Q: A baker makes 12 cookies. He sells 5. How many remain?
A: 7

Q: Sarah has 20 apples. She gives 8 to her friend.
   Her friend gives her 3 back. How many does Sarah have?
A: 15

Then you ask the model the test question:

Q: A store has 50 books. They order 30 more.
   They sell 20. How many books remain?
A: ___

And the model generates: 50 (wrong). Or 60 (wrong). Or 80 (sometimes right by luck).

Why Standard Prompting Fails

The model is not actually solving the problem. It’s:

Pattern-matching to similar sentences in the training data
Predicting a plausible number without executing logic
Guessing the format of the answer

When the problem gets complex (multi-step, unusual numbers, distractors), the model has no internal process to fall back on. It just outputs a number that “sounds right” — and is usually wrong.

Concrete Failure Examples

Example 1: Multi-step arithmetic

Q: Mira starts with 10 candies. She buys 2 packs, each with 5 candies.
   Then she eats 4. How many candies does she have?

Standard Prompting Output: 15
Correct Answer: 16

(Model fails because it sees "10" and "2 packs of 5" but doesn't 
reliably execute 10 + 2×5 - 4 = 10 + 10 - 4 = 16)

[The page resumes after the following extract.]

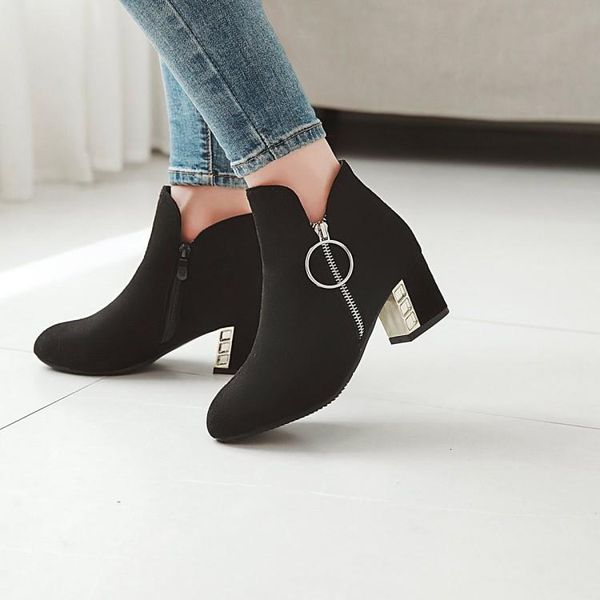 boots big size women's pointed slim-heeled boots, winter and suede high-heeled shoes, Black
boots big size women's pointed slim-heeled boots, winter and suede high-heeled shoes, Black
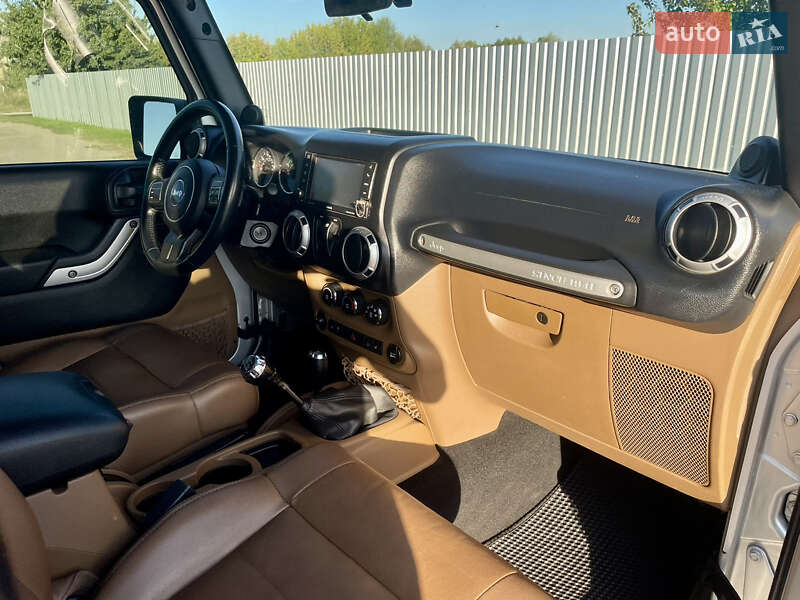 Внедорожник / Кроссовер Jeep Wrangler 2012 в Прилуках фото 8 Внедорожник / Кроссовер Jeep Wrangler 2012 в Прилуках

Example 2: Commonsense reasoning with negation

Q: All birds can fly. Penguins are birds. Can penguins fly?

Standard Prompting Output: Yes
Correct Answer: No

(Model gets confused by "all" and "birds" and misses the 
real-world fact that contradicts the general rule)

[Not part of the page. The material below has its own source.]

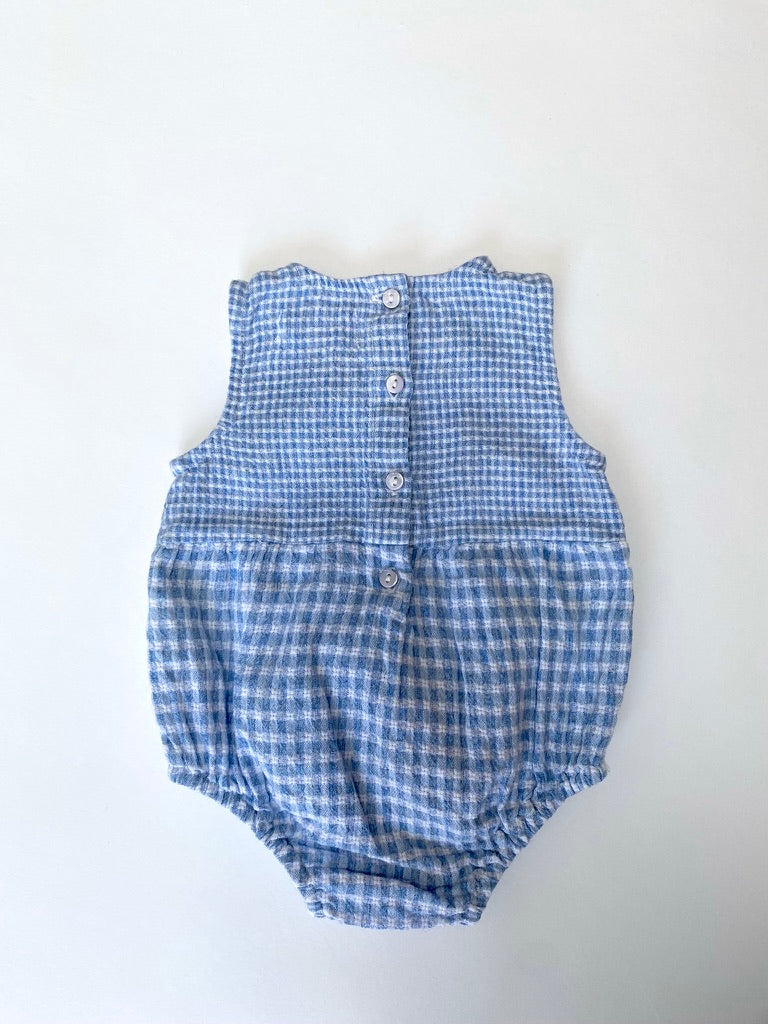 Tiny little gingham romper Age 0-3m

Example 3: Word problem with distractors

Q: A farmer has 8 cows. Each cow produces 10 liters of milk.
   The farmer's name is James. He also has 3 chickens.
   How many liters of milk does he have?

Standard Prompting Output: 80 or 83 or 24
Correct Answer: 80

(Model gets distracted by irrelevant details—the farmer's name,
the chickens—and may include or exclude them randomly)

The Core Issue

Multi-step reasoning requires:

Breaking the problem into substeps
Solving each substep correctly
Combining results to get the final answer

A language model trained only to predict the next token has no explicit mechanism for this. It’s trained to match patterns, not to execute algorithms.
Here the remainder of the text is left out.